**Aim of the task**
Look below for the line containing "Bonea, sequestrata area"; from there, print each line exactly up to and including the line containing "Focus On Foreground", and stop.

(Recorded information)

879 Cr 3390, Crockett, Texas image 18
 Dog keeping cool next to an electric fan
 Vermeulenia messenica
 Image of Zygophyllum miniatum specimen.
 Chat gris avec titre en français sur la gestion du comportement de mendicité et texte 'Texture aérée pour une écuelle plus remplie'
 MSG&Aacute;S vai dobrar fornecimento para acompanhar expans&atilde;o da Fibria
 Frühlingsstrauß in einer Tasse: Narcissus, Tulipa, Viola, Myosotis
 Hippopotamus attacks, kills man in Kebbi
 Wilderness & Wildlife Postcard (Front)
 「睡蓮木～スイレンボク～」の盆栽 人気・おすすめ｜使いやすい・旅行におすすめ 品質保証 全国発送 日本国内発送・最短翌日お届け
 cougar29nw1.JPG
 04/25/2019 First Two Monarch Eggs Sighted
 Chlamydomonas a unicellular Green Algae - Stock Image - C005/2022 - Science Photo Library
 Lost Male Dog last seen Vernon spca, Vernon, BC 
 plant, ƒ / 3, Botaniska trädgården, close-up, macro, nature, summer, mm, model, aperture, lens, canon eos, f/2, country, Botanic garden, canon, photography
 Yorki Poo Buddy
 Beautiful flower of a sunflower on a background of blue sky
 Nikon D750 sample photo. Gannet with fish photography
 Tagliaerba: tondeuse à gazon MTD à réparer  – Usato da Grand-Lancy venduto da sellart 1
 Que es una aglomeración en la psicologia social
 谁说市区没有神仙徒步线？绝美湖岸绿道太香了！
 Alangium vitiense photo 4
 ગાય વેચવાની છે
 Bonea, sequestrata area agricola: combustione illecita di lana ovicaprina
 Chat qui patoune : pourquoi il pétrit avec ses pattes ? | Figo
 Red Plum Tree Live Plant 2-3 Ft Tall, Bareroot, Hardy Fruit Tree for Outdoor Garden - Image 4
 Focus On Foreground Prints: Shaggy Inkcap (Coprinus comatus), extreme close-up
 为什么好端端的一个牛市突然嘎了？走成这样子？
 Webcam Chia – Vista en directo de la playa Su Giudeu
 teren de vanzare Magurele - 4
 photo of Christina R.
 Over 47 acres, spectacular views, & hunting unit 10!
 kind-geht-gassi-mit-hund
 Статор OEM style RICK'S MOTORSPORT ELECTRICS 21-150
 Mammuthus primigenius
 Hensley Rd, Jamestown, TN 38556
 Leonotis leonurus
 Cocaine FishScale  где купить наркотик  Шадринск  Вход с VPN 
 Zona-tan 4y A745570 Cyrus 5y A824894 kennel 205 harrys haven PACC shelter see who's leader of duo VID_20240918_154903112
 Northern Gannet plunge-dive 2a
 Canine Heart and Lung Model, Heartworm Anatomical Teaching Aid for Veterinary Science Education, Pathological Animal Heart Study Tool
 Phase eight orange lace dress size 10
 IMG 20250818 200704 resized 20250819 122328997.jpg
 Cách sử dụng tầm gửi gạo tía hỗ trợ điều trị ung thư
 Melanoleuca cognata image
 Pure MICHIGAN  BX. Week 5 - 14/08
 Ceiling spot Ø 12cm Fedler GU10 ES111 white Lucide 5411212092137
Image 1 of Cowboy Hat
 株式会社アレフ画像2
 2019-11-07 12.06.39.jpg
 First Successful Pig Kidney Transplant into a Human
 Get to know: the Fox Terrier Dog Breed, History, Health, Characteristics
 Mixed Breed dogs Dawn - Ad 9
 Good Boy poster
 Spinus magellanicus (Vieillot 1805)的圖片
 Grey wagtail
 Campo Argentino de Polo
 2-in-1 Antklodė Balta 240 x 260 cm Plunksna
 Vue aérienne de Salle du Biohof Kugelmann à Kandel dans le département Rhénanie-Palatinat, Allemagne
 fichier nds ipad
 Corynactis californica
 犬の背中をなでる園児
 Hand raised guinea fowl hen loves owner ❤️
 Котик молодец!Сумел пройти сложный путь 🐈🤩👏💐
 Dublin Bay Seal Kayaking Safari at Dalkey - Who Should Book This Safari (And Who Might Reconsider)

(End Recorded information)

**Final answer**
 Bonea, sequestrata area agricola: combustione illecita di lana ovicaprina
 Chat qui patoune : pourquoi il pétrit avec ses pattes ? | Figo
 Red Plum Tree Live Plant 2-3 Ft Tall, Bareroot, Hardy Fruit Tree for Outdoor Garden - Image 4
 Focus On Foreground Prints: Shaggy Inkcap (Coprinus comatus), extreme close-up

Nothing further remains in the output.